Maybe I was thinking about gargoyles; maybe I was thinking of last week’s episode of Casualty; maybe I was thinking of the fortunes of the mighty Barnsley FC. Whatever (as the kids say), my mind was distracted and suddenly the mug slipped from my grasp. It wasn’t just any old mug, either: it was a precious mug, a lovely mug, a favourite mug. And in that split second it was hanging in the air like a raindrop.
Whenever I hear people say, at a time of disaster or excitement, “everything went into slow motion” I don’t believe them. Well, I didn’t believe them: until now. Readers of the Yorkshire Post, let me tell you: everything went into slow motion.

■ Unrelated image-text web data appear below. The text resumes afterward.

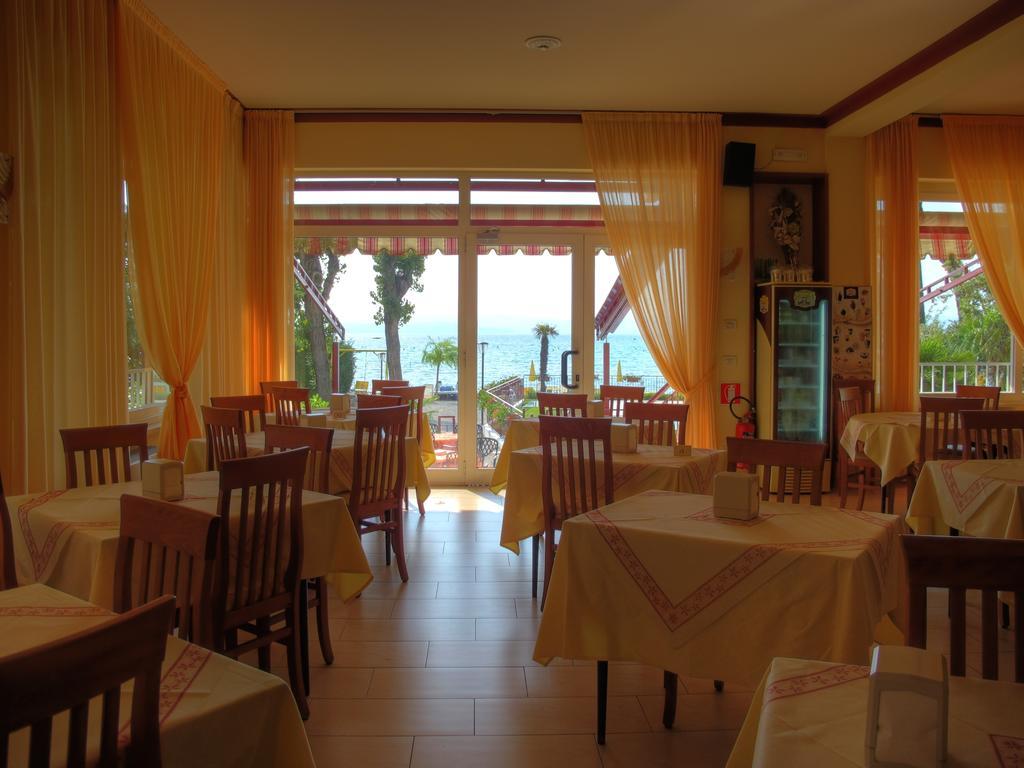 Hotel Astoria Lido Sirmione Exterior photo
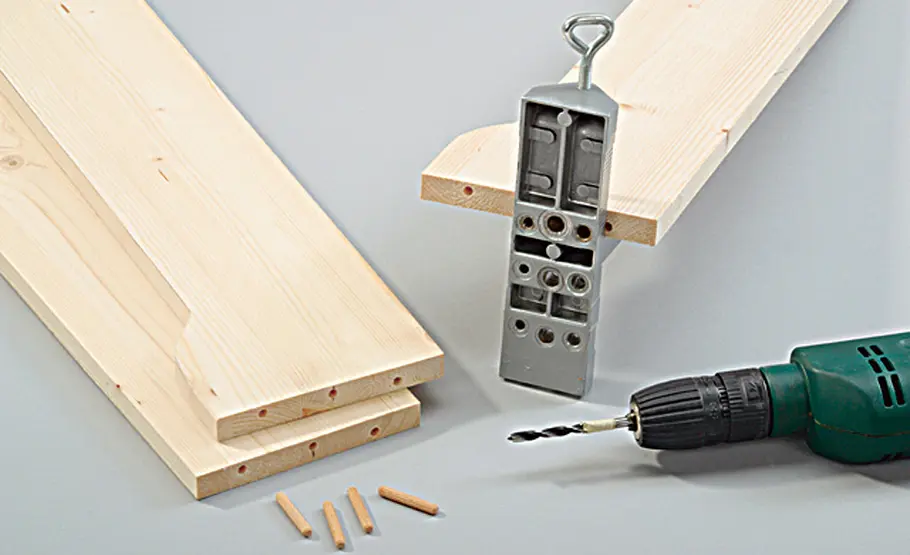 Anleitung: Puppenbett bauen Puppenwiege: Bohrlehre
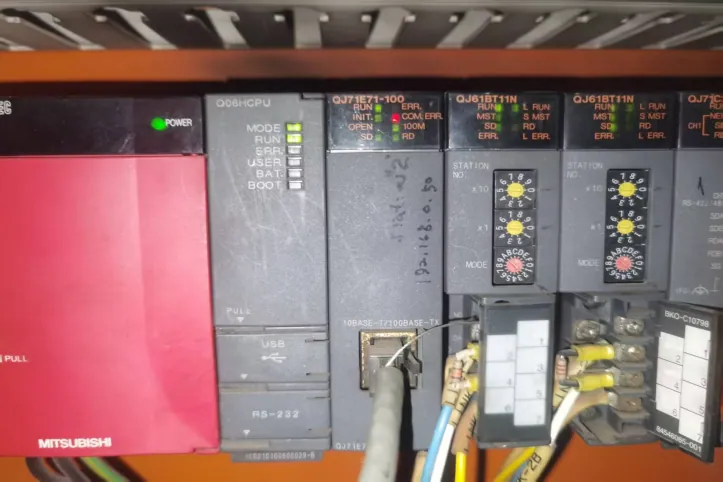 汽车零部件生产数据 PLC 采集与上位机展示方案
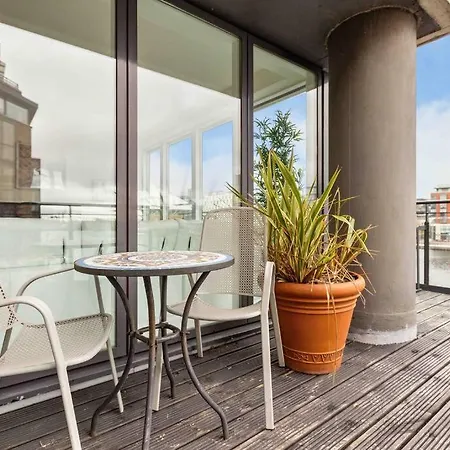 Lägenhet Waterfront Luxury Dublin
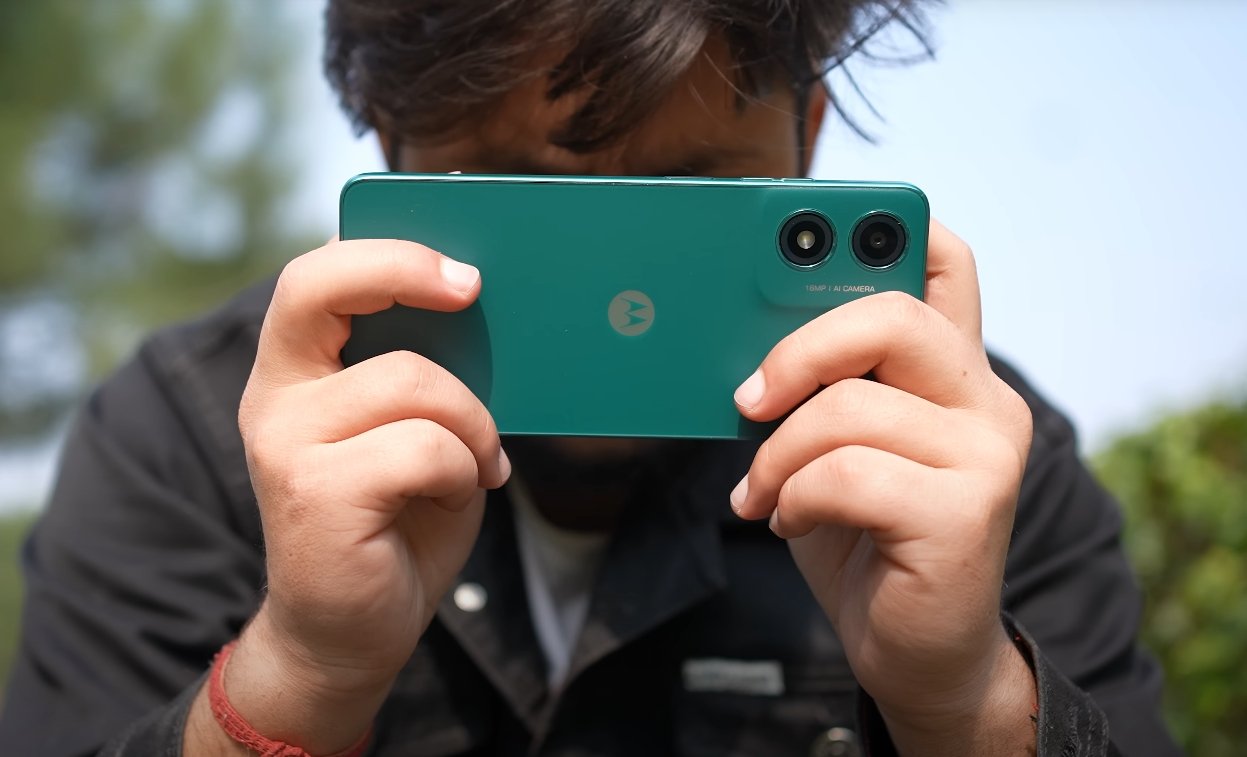 Moto G06 Power battery life claims for USA users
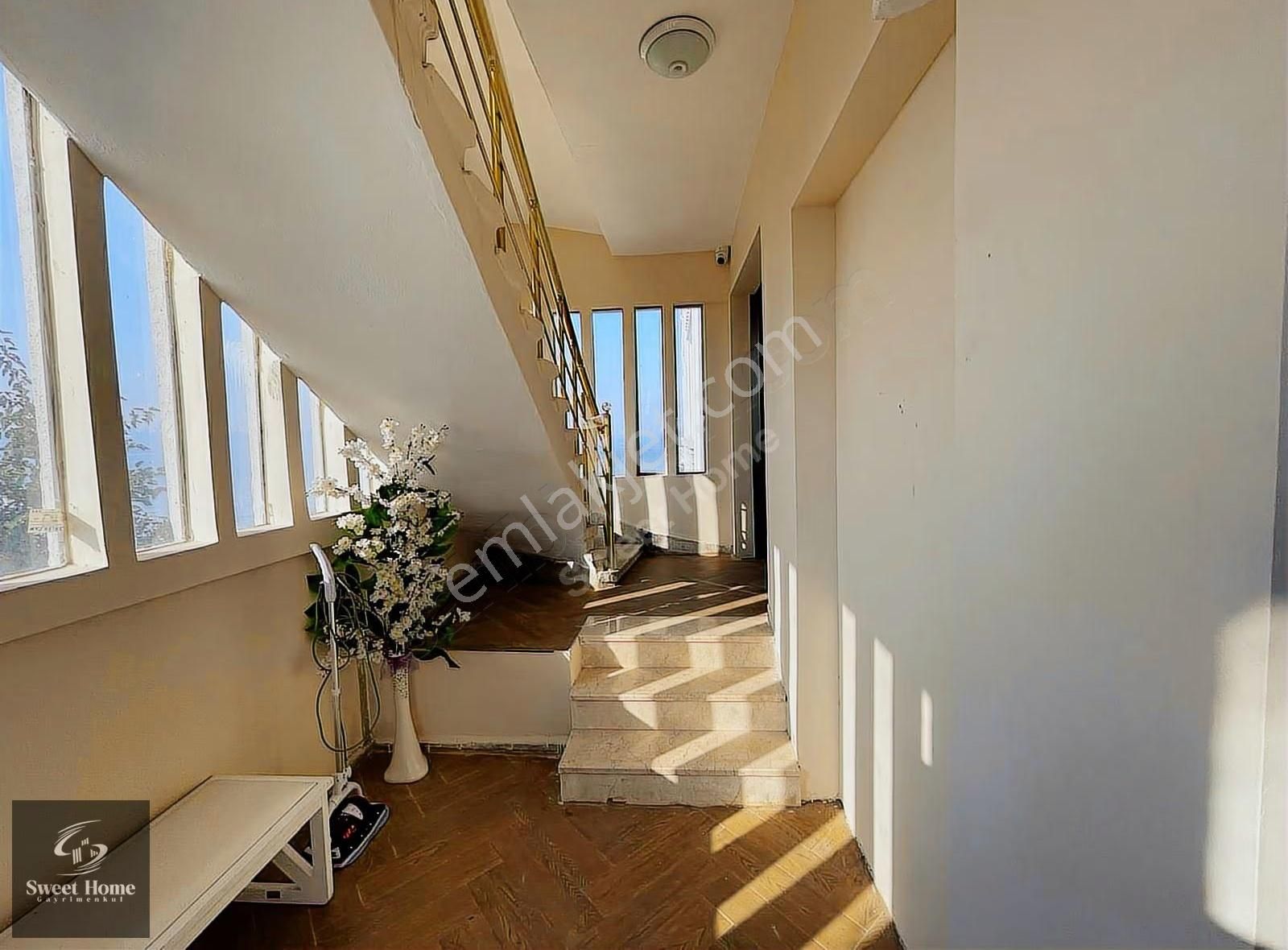 Küçükçekmece Gölü Kıyısında Muhteşem Manzaralı Kiralık Müstakil - Görsel 19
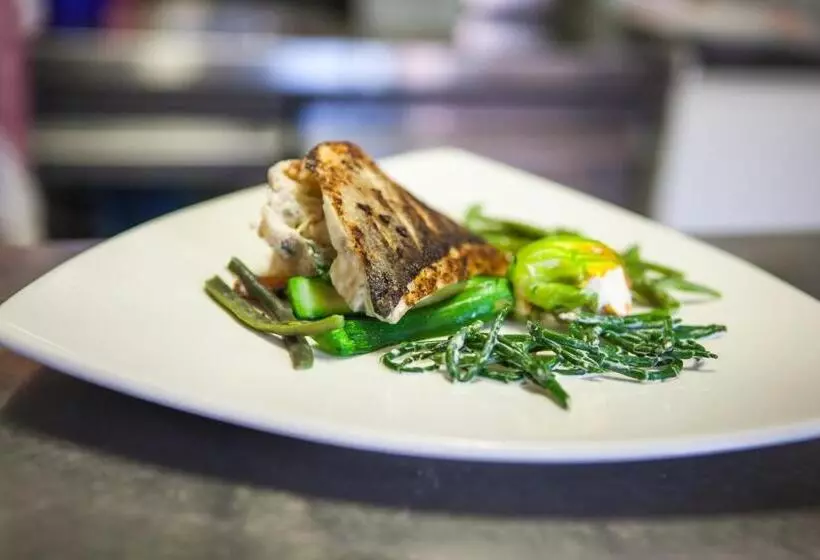 호텔 La Fosse At Cranborne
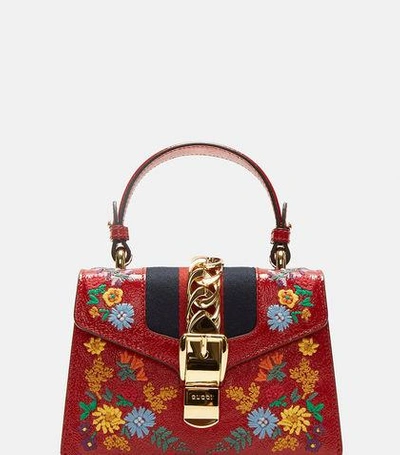 Gucci Mini Sylvie Embroidered Shoulder Bag In Red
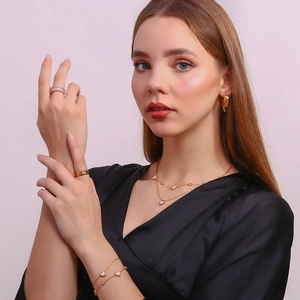Parure collier et bracelet plaqué or 18 carats avec cœurs en nacre pour femme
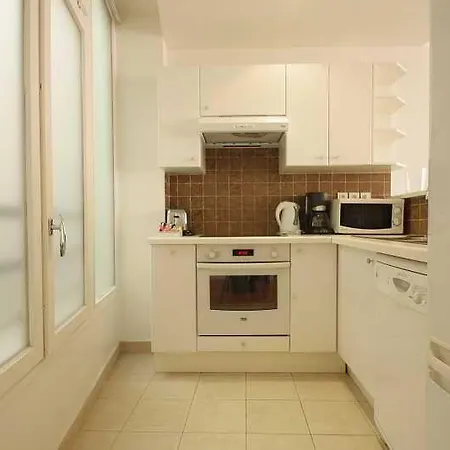 Bridgestreet Champs-elysees アパート *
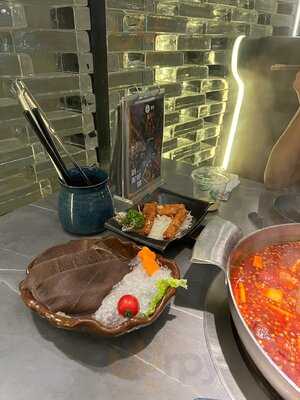 湊湊火鍋‧茶憩 (nan Fung Place)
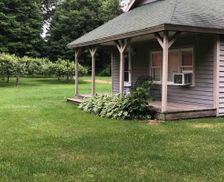 United States Michigan Benton Harbor vacation rental compare prices direct by owner 781086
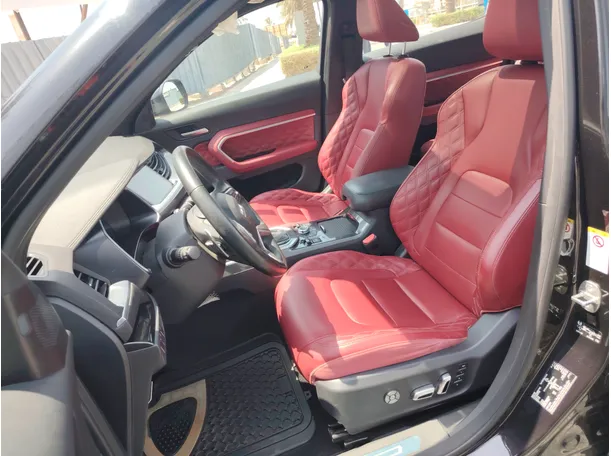 Car image 12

The mug turned in the air at a snail’s pace; my hands flapped like an unenthusiastic tic-tac man’s. My mouth opened and I shouted ‘No!’ but because the event was happening in slow motion I shouted “Noooooo” and my face looked like that of a tea-towel gargoyle. I jumped across the kitchen trying to catch the mug and it was as though I was at Headingley and a Lancashire batsman had just hit a stunning shot that was flying towards the boundary unless I caught it.
In those kinds of situations my brain goes into a funny mode that I can only describe as panicky reminiscence. In other words, I recall similar occasions when I’ve dropped things, presumably to fill in the empty moment between the mug leaving my soft bardic hand and greeting the hard kitchen floor.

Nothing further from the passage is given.